PROBLEM REQUIREMENTS:
Beginning with the line that holds "Hoạt động lặn" in the data below, give again every line through the one that holds "Octonauts: Above &", exactly as written.

INFORMATION PROVIDED:
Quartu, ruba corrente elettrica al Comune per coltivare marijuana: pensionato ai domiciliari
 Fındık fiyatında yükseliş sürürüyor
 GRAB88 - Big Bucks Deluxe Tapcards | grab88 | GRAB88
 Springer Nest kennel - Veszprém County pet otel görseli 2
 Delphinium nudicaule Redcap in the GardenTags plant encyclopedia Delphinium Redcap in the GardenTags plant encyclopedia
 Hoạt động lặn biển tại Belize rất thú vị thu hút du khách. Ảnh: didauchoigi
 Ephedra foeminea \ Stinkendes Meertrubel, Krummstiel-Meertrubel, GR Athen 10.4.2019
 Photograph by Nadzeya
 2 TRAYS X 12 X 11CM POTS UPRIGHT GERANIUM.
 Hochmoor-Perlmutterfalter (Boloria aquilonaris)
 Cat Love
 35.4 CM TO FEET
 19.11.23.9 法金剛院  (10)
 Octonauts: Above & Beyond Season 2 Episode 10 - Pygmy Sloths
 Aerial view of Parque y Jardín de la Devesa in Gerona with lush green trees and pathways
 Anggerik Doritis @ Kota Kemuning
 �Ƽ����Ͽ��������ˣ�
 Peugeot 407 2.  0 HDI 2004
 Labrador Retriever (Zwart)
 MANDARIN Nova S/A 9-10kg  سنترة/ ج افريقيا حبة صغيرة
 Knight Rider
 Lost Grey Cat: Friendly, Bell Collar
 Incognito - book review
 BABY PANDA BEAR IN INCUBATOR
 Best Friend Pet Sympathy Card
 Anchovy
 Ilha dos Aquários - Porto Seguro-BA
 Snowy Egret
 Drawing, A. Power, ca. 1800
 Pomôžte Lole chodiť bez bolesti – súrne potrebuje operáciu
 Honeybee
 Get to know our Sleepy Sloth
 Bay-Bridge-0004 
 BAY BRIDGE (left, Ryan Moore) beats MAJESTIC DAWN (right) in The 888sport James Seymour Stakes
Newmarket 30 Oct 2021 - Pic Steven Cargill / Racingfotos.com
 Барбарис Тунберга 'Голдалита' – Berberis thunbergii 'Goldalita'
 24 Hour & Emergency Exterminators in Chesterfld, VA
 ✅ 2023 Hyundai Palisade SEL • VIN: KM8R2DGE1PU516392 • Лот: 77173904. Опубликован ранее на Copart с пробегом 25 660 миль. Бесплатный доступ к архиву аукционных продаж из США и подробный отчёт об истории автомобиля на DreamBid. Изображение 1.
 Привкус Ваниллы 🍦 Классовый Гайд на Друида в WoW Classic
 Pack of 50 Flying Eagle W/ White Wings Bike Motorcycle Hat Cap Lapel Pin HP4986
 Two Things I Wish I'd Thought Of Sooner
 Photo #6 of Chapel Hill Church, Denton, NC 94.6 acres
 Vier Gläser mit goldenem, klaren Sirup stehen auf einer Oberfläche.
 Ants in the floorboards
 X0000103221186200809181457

EXERCISE RESULT:
 Hoạt động lặn biển tại Belize rất thú vị thu hút du khách. Ảnh: didauchoigi
 Ephedra foeminea \ Stinkendes Meertrubel, Krummstiel-Meertrubel, GR Athen 10.4.2019
 Photograph by Nadzeya
 2 TRAYS X 12 X 11CM POTS UPRIGHT GERANIUM.
 Hochmoor-Perlmutterfalter (Boloria aquilonaris)
 Cat Love
 35.4 CM TO FEET
 19.11.23.9 法金剛院  (10)
 Octonauts: Above & Beyond Season 2 Episode 10 - Pygmy Sloths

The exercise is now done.